A decision I have with me give me a mixed feeling. Secondly, recent judgement of Justices Arijit Pasayat and A K Ganguly in which they brushed aside the argument of appellant Subbarao that he can not be prosecuted under 498A as he and the complainant are not married but only in a live-in relationship. The bench observed, “Can a person who enters into a marital agreement be allowed to take shelter behind a smokescreen to contend that since there was no valid marriage, the question of dowry does not arise”. The bench further elaborated on the reasoning, saying, “Such legal niceties would destroy the purpose of the provisions. Such hairsplitting legalistic approach would encourage harassment of a woman over demand of money." So as asked for satisfaction of marraige if long term live in is deemed proved in nature of marraige the criminal prosecution for husband u/s498a can be used by the 2nd lady but the helpless first legally married wife battered by husband cannot get remedy for 494. Interesting :) What makes the first legally wedded wife with no benefits of law while the 2nd with all benefits of law. Is it not constitutionally incorrect to be granting unequal status?

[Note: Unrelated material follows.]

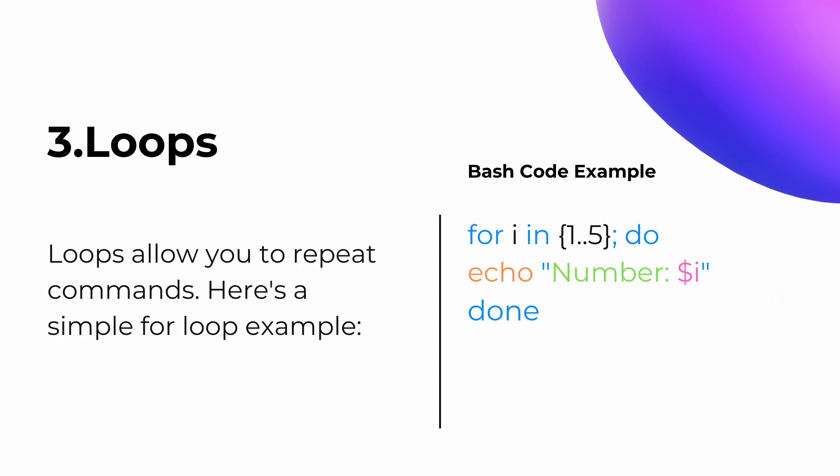For recursion, you can use loops that allow you to repeat commands. Here's a simple for loop for an example. This will print numbers from 1 to 5, incrementing the value with each iteration.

Jayesh Kumar (Querist) 16 May 2011
Forgot the attachment. Here it is.
Guest (Expert) 16 May 2011
To be brief, although paternity about the children from second lady can be proved, but bigamy cannot be proved against the husband.

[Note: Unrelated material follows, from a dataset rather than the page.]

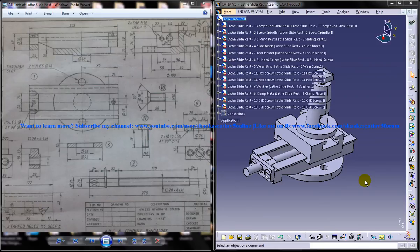Hi friends, this is Mohammed Shakeel here and in this tutorial I'm going to show you how you can design a lathe slide rest in CATIA V5.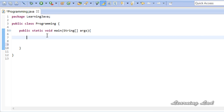First of all, how do you create a variable in Java? As I mentioned in the previous tutorial, a variable is a name given to a memory location, and the type of data stored in that memory location is called the data type. So if you want to create a variable in your program, first you need to specify the type of data you are going to store in that variable. Let's say we want to store integer data, so to declare a variable which can store integer data, we first write the data type, which is going to be int.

The question is not that many ladies like this suffer and they deserve justice and need is to check some appropriate case law. BUT the need is for seeking proper amendment in the relevant law. Why not the experts should take up the case collectively through their respective bar councils to echo the concern for amendment in the law rather than seeking precedents?
Jayesh Kumar (Querist) 16 May 2011
Expert Sir Dhingra, u suggesting a PIL with notice to the Centre Government?
What about the details I posted in the above2? Does it not resonate the law?